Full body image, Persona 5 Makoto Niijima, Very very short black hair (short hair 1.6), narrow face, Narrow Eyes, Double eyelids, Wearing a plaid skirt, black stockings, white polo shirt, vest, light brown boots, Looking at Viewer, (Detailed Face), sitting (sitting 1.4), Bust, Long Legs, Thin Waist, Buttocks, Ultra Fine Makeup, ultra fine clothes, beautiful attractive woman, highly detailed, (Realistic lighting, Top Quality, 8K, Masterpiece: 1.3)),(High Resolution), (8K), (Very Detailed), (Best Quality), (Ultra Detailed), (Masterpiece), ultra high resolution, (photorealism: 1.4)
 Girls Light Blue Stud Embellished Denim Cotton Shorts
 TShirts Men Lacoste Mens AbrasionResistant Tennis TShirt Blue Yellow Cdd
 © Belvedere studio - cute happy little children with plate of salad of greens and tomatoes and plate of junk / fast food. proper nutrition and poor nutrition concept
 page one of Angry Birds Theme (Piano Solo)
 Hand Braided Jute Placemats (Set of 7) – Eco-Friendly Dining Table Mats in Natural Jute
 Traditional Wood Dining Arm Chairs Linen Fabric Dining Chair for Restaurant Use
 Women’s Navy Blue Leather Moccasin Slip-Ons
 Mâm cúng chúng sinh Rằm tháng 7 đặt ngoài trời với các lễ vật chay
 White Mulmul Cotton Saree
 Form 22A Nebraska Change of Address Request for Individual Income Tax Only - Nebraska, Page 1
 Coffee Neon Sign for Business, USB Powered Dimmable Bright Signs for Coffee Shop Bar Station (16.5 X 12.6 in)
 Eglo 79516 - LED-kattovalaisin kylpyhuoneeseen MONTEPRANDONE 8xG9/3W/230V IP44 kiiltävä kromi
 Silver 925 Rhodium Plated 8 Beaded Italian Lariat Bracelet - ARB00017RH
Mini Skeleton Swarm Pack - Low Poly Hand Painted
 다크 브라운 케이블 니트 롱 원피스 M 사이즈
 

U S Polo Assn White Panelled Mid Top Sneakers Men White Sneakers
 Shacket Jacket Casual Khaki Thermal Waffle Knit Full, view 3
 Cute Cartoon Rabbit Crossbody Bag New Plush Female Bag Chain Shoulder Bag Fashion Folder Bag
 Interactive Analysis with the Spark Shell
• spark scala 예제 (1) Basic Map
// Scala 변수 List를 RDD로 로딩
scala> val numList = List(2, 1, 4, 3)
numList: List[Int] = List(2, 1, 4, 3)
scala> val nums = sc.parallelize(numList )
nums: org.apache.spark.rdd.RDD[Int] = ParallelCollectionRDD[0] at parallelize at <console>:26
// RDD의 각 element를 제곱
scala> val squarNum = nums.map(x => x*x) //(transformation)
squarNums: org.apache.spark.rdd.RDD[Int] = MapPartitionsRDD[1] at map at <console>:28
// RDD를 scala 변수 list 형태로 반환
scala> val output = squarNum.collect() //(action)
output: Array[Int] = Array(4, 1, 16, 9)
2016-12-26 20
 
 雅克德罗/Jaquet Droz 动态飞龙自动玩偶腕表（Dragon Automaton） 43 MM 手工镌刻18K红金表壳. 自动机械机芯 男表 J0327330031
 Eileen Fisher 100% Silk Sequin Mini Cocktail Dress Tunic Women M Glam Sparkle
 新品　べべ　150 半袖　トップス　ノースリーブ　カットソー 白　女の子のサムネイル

---+---

## WHAT TO DO
Show every line of the material that includes the string "Dining".

## OUTPUT OF THE TASK
 Hand Braided Jute Placemats (Set of 7) – Eco-Friendly Dining Table Mats in Natural Jute
 Traditional Wood Dining Arm Chairs Linen Fabric Dining Chair for Restaurant Use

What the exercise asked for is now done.